TASK DETAILS: Once you find the line with "Soak your worries" in the data that follows, repeat it and every line after it exactly, through the line with "NEW YORK CITY".

PROVIDED INFORMATION:
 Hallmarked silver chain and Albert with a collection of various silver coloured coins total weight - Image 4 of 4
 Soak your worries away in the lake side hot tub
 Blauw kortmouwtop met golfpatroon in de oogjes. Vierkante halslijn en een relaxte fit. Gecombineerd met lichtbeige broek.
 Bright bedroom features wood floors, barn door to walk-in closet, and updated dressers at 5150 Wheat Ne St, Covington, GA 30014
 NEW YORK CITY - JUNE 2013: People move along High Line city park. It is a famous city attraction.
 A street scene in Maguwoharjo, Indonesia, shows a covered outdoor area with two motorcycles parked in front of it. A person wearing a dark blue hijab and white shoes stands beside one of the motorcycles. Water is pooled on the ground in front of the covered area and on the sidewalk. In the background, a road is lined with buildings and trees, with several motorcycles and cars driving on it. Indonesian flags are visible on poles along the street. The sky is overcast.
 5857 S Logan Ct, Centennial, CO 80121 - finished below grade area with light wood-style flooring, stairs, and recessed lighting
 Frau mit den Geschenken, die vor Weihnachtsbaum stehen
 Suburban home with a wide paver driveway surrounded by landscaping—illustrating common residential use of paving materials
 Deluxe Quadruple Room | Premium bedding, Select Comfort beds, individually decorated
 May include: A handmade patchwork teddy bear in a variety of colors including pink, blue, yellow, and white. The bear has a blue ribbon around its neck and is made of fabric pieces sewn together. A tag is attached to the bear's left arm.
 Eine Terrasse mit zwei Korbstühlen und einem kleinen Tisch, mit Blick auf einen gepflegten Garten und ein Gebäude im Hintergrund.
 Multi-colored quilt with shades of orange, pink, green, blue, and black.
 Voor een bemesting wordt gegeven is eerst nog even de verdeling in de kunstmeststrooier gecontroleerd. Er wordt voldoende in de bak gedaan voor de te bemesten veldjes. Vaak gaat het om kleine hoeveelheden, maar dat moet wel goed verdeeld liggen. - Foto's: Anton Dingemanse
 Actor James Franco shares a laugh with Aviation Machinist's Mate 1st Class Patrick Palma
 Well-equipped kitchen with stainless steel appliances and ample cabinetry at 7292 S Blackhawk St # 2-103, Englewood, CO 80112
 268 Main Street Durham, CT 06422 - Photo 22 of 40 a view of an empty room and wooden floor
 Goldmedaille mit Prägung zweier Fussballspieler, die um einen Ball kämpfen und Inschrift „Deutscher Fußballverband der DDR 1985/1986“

YOUR SOLUTION:
 Soak your worries away in the lake side hot tub
 Blauw kortmouwtop met golfpatroon in de oogjes. Vierkante halslijn en een relaxte fit. Gecombineerd met lichtbeige broek.
 Bright bedroom features wood floors, barn door to walk-in closet, and updated dressers at 5150 Wheat Ne St, Covington, GA 30014
 NEW YORK CITY - JUNE 2013: People move along High Line city park. It is a famous city attraction.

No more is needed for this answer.